Second Season Syndrome: A Football Myth?
When teams reach the promised land of the Premier League, celebrations undoubtedly follow and although the clubs involved would love to party all through the summer, those festivities must be curbed relatively early. Because as soon as promotion from the EFL Championship is secured, planning to stay within English football’s top tier begins in earnest and with Sheffield United and Norwich recently highlighting the two directions in which fortunes can turn, survival is by no means a given.

With the Canaries dropping back down at the first time of asking, the focus will now be on the Blades (and Aston Villa for that matter) as they approach successive campaigns amongst the elite and whether their invite can be extended for a third time.

After staving off the initial threat of relegation, the perception is that ‘Second Season Syndrome’ could strike for either party and although this illness is often spouted by all and sundry, on closer inspection it is not a big a threat as you may think.

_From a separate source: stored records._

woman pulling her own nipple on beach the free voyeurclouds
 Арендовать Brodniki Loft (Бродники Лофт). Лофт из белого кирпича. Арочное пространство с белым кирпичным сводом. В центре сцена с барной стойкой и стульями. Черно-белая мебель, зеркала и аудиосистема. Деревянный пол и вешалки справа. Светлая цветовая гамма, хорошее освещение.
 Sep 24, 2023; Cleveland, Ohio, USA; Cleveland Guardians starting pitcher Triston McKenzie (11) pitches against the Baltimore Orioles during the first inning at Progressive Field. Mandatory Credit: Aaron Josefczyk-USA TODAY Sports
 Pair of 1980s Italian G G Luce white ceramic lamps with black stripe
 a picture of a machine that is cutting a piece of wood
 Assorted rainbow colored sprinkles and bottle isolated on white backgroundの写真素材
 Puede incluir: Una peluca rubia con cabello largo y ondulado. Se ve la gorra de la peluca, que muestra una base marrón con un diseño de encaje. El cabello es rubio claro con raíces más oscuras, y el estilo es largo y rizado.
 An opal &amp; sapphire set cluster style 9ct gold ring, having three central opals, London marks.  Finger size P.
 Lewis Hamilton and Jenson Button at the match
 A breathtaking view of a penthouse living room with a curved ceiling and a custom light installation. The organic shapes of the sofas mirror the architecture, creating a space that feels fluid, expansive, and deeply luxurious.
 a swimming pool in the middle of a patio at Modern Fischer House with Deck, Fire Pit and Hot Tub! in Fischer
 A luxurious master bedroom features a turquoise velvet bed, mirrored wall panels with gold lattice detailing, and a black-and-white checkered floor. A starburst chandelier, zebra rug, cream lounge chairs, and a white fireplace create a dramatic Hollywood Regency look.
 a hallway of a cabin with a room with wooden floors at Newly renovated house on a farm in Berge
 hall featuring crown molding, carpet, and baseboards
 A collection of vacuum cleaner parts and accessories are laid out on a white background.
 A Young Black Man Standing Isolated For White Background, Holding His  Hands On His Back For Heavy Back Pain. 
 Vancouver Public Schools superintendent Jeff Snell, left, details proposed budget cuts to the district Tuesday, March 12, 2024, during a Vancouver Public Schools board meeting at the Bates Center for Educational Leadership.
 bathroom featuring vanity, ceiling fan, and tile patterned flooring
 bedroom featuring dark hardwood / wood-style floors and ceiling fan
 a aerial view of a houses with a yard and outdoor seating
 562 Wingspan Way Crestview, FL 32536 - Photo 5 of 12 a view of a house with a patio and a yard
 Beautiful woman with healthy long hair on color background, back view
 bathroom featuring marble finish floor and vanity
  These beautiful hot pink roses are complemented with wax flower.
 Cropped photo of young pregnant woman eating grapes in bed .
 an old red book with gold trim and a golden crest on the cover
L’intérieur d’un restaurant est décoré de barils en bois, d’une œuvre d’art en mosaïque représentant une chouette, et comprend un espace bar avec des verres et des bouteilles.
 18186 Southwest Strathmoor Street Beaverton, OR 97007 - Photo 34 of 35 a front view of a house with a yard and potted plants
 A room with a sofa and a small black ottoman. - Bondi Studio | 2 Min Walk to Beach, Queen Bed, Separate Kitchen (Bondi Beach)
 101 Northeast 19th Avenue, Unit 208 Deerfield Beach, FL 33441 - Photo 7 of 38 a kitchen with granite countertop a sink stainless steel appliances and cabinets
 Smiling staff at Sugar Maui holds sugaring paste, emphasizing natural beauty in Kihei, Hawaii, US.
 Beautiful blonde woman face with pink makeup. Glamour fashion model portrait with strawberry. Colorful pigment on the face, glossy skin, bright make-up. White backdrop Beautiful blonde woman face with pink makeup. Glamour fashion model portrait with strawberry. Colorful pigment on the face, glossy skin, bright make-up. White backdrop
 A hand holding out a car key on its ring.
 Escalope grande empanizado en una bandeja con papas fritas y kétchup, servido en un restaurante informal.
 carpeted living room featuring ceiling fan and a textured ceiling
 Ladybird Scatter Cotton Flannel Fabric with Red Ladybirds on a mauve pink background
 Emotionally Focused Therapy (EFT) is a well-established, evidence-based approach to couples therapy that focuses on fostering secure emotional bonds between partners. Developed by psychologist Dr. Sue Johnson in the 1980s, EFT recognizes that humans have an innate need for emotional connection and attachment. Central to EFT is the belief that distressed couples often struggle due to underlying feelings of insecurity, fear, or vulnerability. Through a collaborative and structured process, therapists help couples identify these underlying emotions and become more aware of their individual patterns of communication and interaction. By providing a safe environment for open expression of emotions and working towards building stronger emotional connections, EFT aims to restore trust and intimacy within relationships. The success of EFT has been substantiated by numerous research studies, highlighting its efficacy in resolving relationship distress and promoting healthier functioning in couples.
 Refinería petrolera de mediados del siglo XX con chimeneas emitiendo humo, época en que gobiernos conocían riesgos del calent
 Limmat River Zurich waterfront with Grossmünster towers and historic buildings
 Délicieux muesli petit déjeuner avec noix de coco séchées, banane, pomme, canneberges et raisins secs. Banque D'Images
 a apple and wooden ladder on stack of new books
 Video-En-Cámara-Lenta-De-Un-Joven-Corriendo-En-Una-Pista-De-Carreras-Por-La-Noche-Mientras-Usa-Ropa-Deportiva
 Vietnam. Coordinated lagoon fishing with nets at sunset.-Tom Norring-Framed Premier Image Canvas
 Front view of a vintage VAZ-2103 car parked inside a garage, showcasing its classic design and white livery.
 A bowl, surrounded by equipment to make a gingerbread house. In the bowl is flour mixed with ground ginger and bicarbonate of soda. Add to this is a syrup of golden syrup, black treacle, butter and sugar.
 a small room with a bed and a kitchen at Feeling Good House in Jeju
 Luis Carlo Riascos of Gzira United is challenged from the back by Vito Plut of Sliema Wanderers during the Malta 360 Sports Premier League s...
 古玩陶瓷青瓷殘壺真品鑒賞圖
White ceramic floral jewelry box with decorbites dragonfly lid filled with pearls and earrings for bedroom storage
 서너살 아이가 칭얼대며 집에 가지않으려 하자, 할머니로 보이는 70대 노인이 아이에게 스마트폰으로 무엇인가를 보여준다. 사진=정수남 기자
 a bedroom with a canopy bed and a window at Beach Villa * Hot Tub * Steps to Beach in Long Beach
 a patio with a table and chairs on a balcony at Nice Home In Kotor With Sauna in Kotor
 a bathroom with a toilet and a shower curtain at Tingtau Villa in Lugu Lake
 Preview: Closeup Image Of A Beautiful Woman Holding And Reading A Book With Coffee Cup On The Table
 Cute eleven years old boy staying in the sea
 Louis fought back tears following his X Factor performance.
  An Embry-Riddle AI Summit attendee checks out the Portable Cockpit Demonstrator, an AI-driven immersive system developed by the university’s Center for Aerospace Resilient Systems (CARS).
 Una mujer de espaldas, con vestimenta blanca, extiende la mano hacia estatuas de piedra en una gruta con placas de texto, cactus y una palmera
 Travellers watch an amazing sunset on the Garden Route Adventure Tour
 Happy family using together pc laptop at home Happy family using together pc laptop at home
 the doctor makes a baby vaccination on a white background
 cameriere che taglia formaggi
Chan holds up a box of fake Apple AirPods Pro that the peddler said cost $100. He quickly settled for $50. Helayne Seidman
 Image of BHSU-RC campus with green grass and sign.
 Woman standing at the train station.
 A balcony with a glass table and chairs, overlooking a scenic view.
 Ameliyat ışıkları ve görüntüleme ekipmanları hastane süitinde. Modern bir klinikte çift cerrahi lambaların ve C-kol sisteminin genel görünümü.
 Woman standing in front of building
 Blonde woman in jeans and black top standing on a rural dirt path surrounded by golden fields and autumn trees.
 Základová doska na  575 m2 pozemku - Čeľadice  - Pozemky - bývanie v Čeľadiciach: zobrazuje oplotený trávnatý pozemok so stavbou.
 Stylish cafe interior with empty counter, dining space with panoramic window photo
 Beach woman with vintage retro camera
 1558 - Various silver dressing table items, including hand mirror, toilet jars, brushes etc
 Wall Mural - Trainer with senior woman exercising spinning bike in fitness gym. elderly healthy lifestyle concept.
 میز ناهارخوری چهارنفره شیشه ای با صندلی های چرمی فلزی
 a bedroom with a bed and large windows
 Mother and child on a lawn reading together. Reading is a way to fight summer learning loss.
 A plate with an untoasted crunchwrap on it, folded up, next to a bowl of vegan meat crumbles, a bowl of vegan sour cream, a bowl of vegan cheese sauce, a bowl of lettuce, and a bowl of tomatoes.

Of the 85 instances where has been relegation from the Premier League (27 seasons x 3 clubs, 1 season x 4 clubs) – ‘Second Season Syndrome’ or SSS as we will label it for the rest of the article, has only occurred 12 times.

Now if we normalise this data slightly, and take the first two seasons of the Premier League out of the equation (because technically a club could not be susceptible to SSS until the start of the third season – 1994/95), it means there are 79 relegations in our data sample.

Which subsequently means, that only 15.1% of all relegations from the Premier League since 1995 have been courtesy of SSS and with that in mind, has this become all too much of a lazy cliché for the media and fans to spout?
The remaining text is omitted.